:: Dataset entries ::
□ □ □ □ □

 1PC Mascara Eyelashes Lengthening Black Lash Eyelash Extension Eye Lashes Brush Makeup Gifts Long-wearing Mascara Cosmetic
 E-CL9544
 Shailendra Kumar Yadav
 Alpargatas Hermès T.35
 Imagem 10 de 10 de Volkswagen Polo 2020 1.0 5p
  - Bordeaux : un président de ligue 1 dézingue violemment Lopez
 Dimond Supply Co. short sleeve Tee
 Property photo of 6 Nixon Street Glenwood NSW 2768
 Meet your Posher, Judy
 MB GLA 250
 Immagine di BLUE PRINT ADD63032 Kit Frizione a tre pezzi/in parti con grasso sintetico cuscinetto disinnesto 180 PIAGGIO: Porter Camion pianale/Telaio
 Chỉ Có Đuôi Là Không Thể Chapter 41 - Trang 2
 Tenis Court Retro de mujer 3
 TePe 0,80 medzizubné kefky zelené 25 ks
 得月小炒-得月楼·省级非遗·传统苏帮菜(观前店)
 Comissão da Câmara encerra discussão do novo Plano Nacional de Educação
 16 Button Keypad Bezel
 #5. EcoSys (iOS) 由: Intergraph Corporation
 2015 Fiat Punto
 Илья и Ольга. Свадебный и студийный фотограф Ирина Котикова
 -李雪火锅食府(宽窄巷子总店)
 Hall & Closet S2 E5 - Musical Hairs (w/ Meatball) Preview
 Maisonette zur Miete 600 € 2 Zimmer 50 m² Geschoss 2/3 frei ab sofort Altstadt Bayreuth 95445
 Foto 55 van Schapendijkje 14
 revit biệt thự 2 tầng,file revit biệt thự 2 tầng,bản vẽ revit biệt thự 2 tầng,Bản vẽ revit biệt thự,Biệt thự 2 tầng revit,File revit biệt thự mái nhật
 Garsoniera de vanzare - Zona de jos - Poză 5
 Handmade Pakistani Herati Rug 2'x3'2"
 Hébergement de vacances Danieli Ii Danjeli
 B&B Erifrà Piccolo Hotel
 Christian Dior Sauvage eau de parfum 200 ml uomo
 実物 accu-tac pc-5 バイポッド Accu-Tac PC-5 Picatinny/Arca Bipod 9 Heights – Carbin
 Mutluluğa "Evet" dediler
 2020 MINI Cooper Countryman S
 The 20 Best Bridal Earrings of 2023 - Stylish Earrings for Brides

□ □ □ □ □

:: What is required ::
Here the output must be the lines above from the line with "Meet your Posher, Judy" to the line with "Tenis Court Retro de mujer 3", both included, duplicated word for word and nothing else.

:: Solution below ::
 Meet your Posher, Judy
 MB GLA 250
 Immagine di BLUE PRINT ADD63032 Kit Frizione a tre pezzi/in parti con grasso sintetico cuscinetto disinnesto 180 PIAGGIO: Porter Camion pianale/Telaio
 Chỉ Có Đuôi Là Không Thể Chapter 41 - Trang 2
 Tenis Court Retro de mujer 3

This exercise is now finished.